My Time At Portia Impressions
It’s been a pretty rough early go in 2018, but thankfully a handful of great games has made each day enjoyable. One of those titles is My Time At Portia, a story driven crafting game that has plenty of charm and will keep you playing for hours. Developed by Chinese developer Pathera Games, and being published by the notorious Team 17 – of Worms fame – this game has just recently hit Steam Early Access, and thanks to the good people over at Team 17, we had the opportunity to take it for a spin!
The story begins as you arrive at the city of Portia, where you are tasked with taking up your dads old run down shop, and turning it into a thriving business venture. You will quickly interact with a number of key towns folks as you attempt to get your carpenters licence, and potential clients for your goods. Once you move past the initial introductory moments, you will be free to explore the town and countryside, collecting resources and restoring your dads house and workshop. It might sound familiar, and that’s because it is, but lets take out farming, and instead insert carpentry.
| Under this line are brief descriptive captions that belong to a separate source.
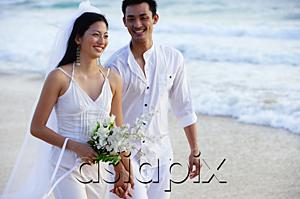 AsiaPix - Bride and groom walking on beach, smiling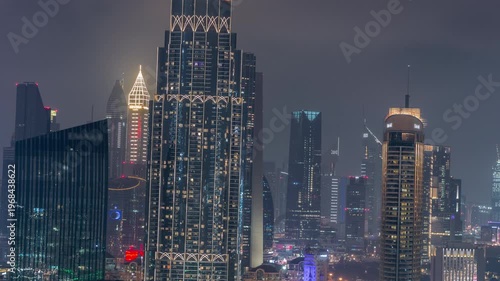 Illuminated modern skyscrapers, office towers, and hotels in the Dubai International Financial Centre DIFC. Aerial night view showing downtown traffic in time-lapse.
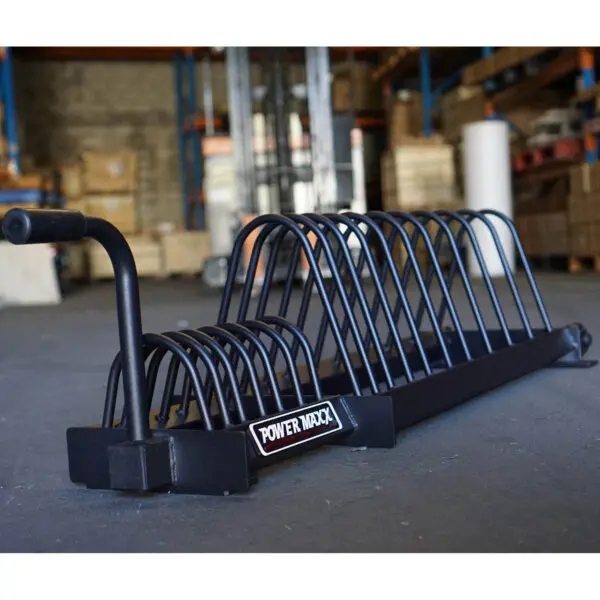 In a warehouse, a Bumper Weight Plate Toaster Rack sits on the concrete floor. Its black metal frame, akin to a sturdy toaster rack, offers slots for organizing weight plates against shelves and boxes.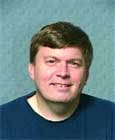 A man with short brown hair smiling, wearing a dark blue shirt against a textured blue background.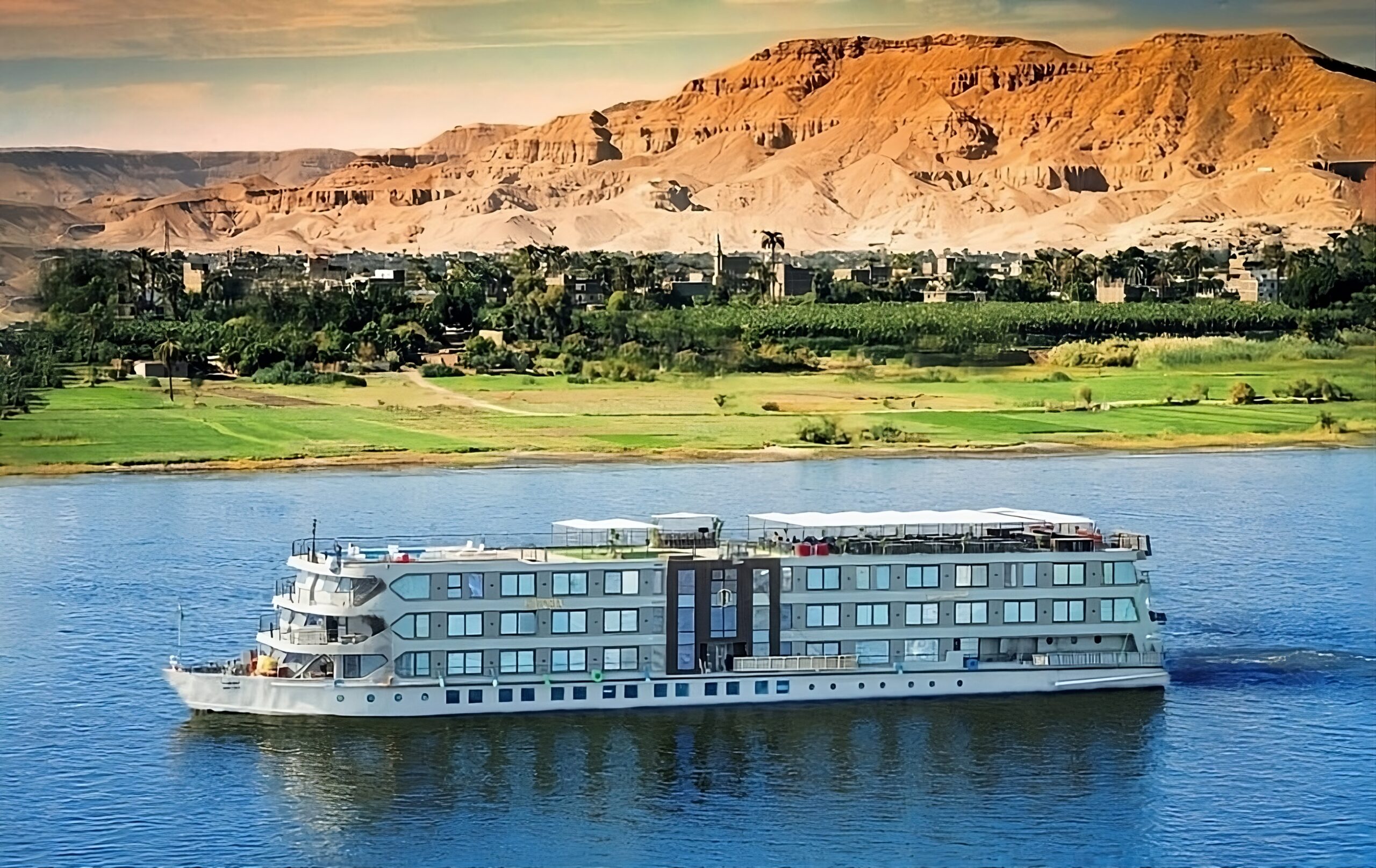 Luxurious Nile River cruise with scenic desert backdrop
The early access portion of My Time at Portia only gives you a small glimpse into what is to come, but even that glimpse quickly will take hours of time away from you, and in the best possible way. As you wander and mingle with the town folks, fulfilling their requests, you might have the opportunity to romance some of them. If that doesn’t suit your fancy, why not explore the various dungeons and caves dotting the landscape, finding unique and rare resources, and fighting off terrible enemies. There is something to do around every corner of My Time at Portia’s colourful and detailed world, and I was constantly discovering something new, even after a few hours of playing.
You quickly learn there is far more to Portia than just building stuff for clients. There are games that can be played, people to fight for money, citizens protesting the use of bad technology, and even a Sunday church service to attend. You quickly learn that everything starts from something. For example, one of your first major projects is to build a bridge, which may seem easy at first, until you determine all the work that goes into finding all the resources needed. For those who have played simulation games before, this shouldn’t be anything new; for those unfamiliar, prepare for what might seem to be a redundant, boring exercise in mining, shopping, smelting, and crafting. THe end product, however, always makes the work worth it, at least in my opinion. Each major project that you finish ultimately propels the story forward. Know what you are getting into, and you’ll have a good time.
My Time at Portia is currently available on Steam Early Access, and will be coming to the Nintendo Switch sometime in the future. We’ve enjoyed our time with the early access build so far, and will have more to say about it as we progress further!